A UDP flood attack is a volumetric denial-of-service (DoS) attack using the User Datagram Protocol (UDP), a sessionless/connectionless computer networking protocol.

Using UDP for denial-of-service attacks is not as straightforward as with the Transmission Control Protocol (TCP). However, a UDP flood attack can be initiated by sending a large number of UDP packets to random ports on a remote host. As a result, the distant host will:

 Check for the application listening at that port;
 See that no application listens at that port;
 Reply with an ICMP Destination Unreachable packet.

Thus, for a large number of UDP packets, the victimized system will be forced into sending many ICMP packets, eventually leading it to be unreachable by other clients. The attacker(s) may also spoof the IP address of the UDP packets, ensuring that the excessive ICMP return packets do not reach them, and anonymizing their network location(s).  Most operating systems mitigate this part of the attack by limiting the rate at which ICMP responses are sent.

UDP Flood Attack Tools:

Low Orbit Ion Cannon 
UDP Unicorn

This attack can be managed by deploying firewalls at key points in a network to filter out unwanted network traffic. The potential victim never receives and never responds to the malicious UDP packets because the firewall stops them. However, as firewalls are 'stateful' i.e. can only hold a number of sessions, firewalls can also be susceptible to flood attacks.
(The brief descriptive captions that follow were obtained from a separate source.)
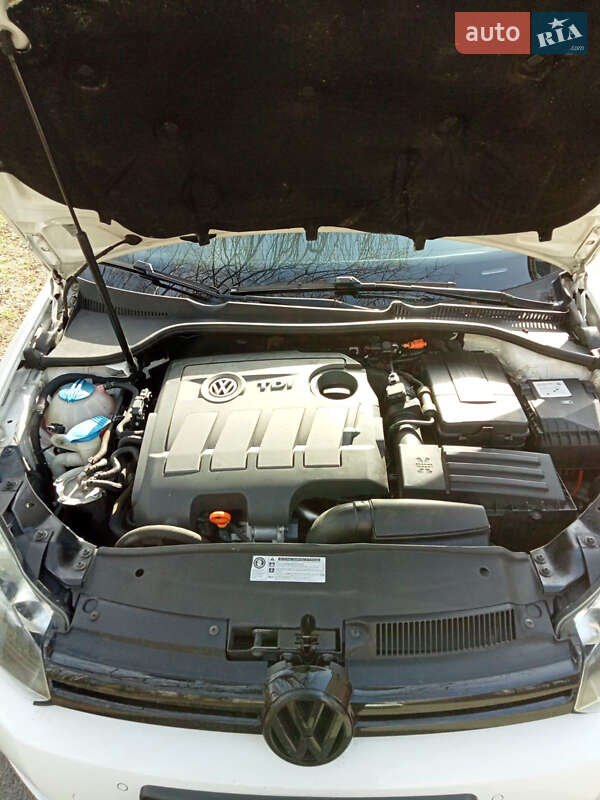 Универсал Volkswagen Golf 2012 в Ровно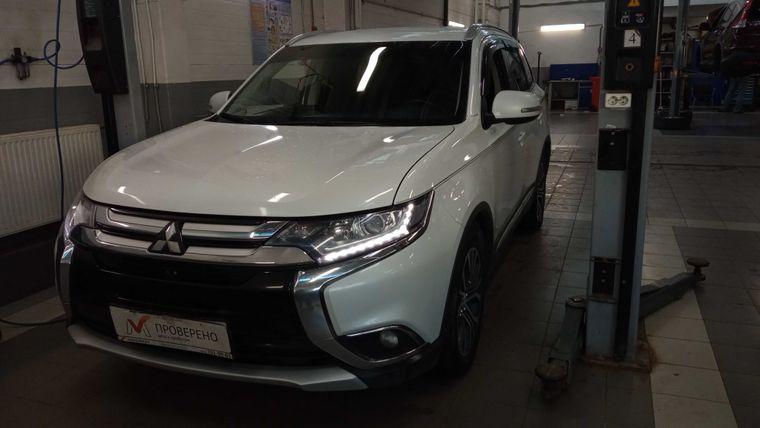 Mitsubishi Outlander 2018 года, 247 564 км - вид 1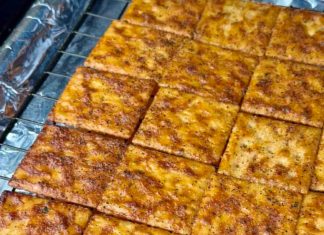 Smoked BBQ Saltine Crackers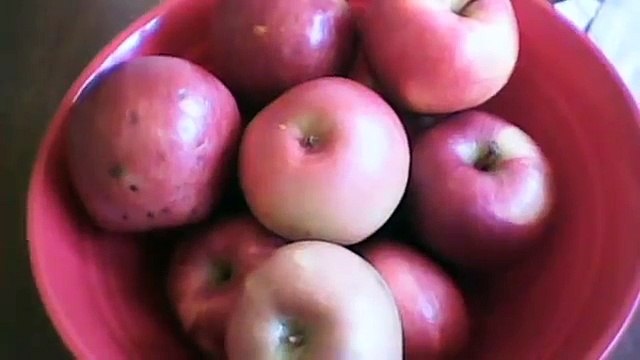 Candy Apples, Made with Sugar and Kool Aid (Candy Apples with all kinds of flavors)Easy Recipe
There are ways to protect a system against UDP flood attacks. Here are examples of some of the possible measures:

 ICMP rate-limiting: This limitation is generally placed on ICMP responses at operating system level.
 Firewall-level filtering on the server: This enables suspicious packets to be rejected. However, it is possible for the firewall to collapse under the strain of a UDP flood attack.
 Filtering UDP packets (except for DNS) at network level: DNS requests are typically made using UDP. Any other source generating huge amounts of UDP traffic is considered suspicious, which leads to the packets in question being rejected.